PUBLIC AI Index: MDE 13/016/2009
04 March 2009
UA 60/09 Fear of torture and other ill-treatment
IRAN Sanaz Allahyari (f) All students
Nasim Roshana’i (f)
Maryam Sheikh (f)
Amir Hossein Mohammadi-Far (m)
The four students named above, and possibly others, affiliated to the students’ rights body, Students for
Freedom and Equality (Daneshjouyan-e Azadi Khah va Beraber Talab), were arrested on 01 March and have
reportedly been transferred to Evin prison. Amnesty International fears that they are at risk of torture or other
ill-treatment while in detention.
They may have been detained in connection with a demonstration held on 23 February, at Amir Kabir
University to protest against the government burying the remains of soldiers killed during the Iran-Iraq war
between 1980 and 1988 on university campuses.

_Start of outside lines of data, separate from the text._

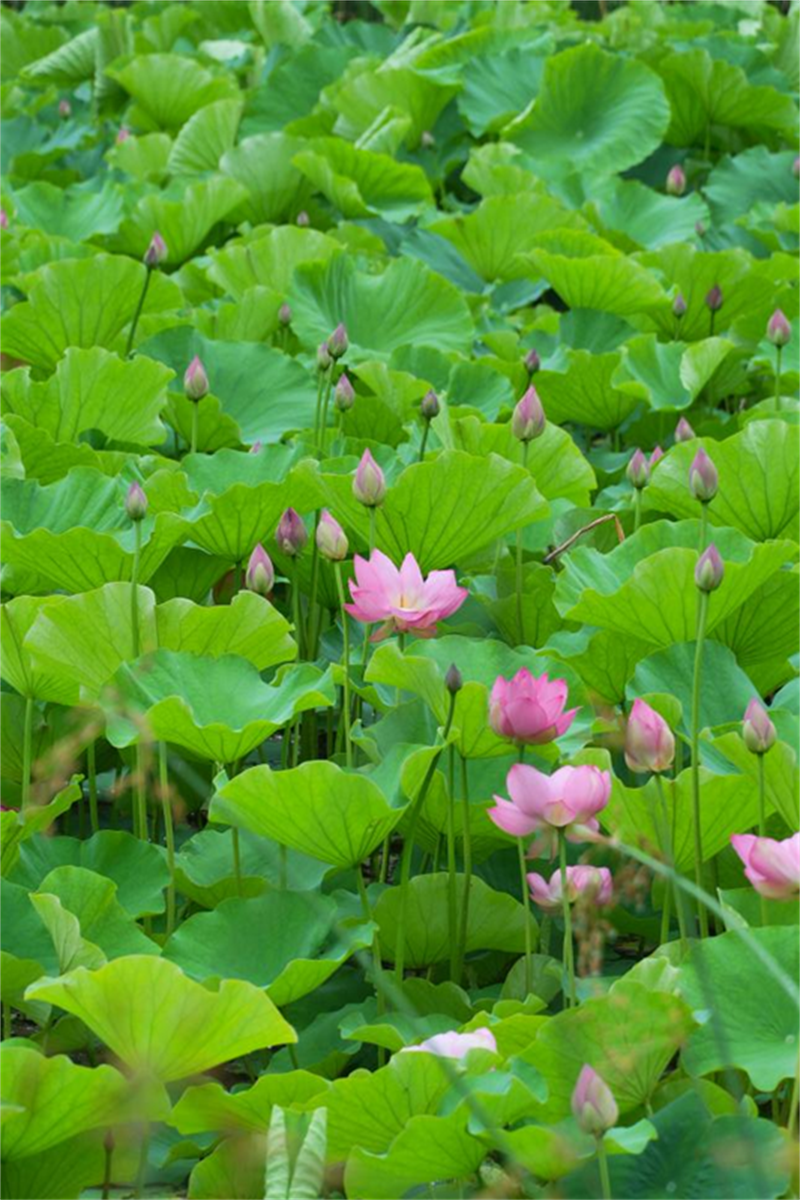 翠綠的荷葉與粉嫩的荷花相映成趣，帶來絲絲清新與寧靜。胡明剛 攝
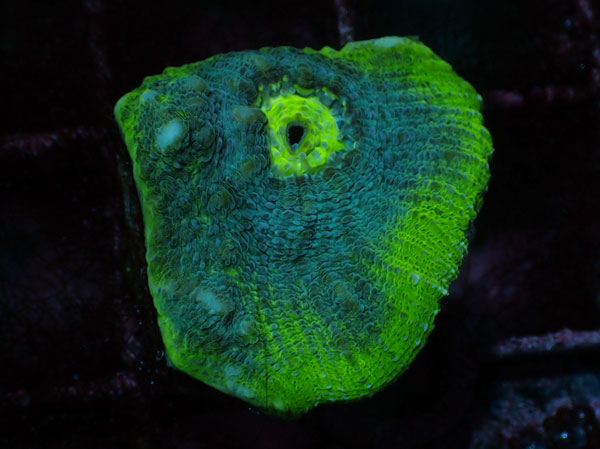 Green Chalice No.020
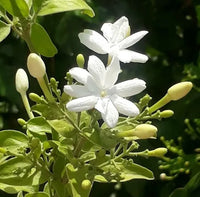 Jasminum Blumensamen zur Aussaat Schnitt Blume beliebt Traditionssorte & ohne Gentechnik Samen Hausgarten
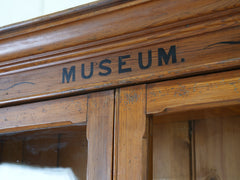 Diminutive Museum Cabinet
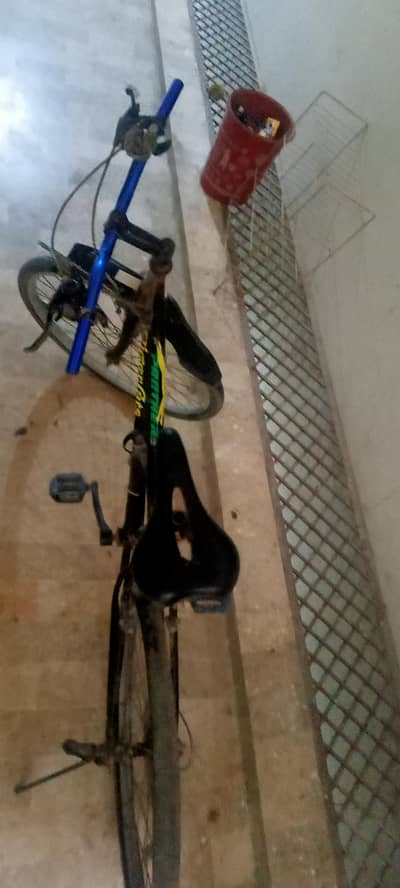 Bicycle for sale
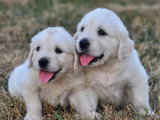 6 chiots Golden Retrievers non LOF à réserver, nés mai en 2026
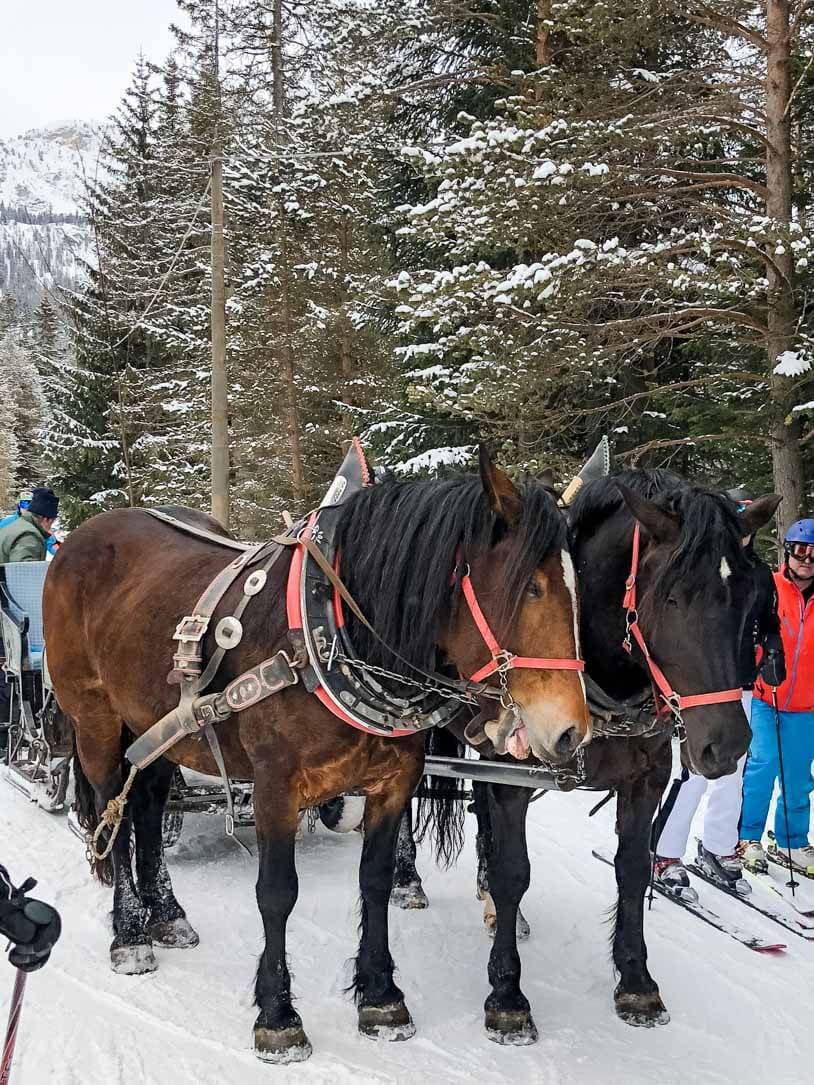 Skiurlaub in Südtirol: Genießen auf und neben den Pisten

Since December there have been waves of arbitrary arrests and harassment of students, particularly directed
against members of Iran's religious and ethnic minorities, trade unionists and women's rights activists. These
measures may in part be intended to stifle debate and to silence critics of the authorities in advance of the
forthcoming presidential election in June 2009.
More than 70 students were detained on 23 February during a peaceful demonstration held by students at
Tehran’s Amir Kabir University in protest at the government’s burial on campus of soldiers’ remains
Many of the student temporarily detained during the demonstration were reportedly ill-treated. Others were
taken to Police Station 107 at Palestine Square where there were also reports that students were ill-treated.
Female students were said to have been insulted by police officers. Most of those arrested were released by
the following morning although, more arrests of students were made in the days following the demonstration,
including Abbas Hakimzadeh, Mehdi Mashayekhi, Nariman Mostafavi and Ahmad Qasaban, members of the
Islamic Students Association (ISA) of Amir Kabir University.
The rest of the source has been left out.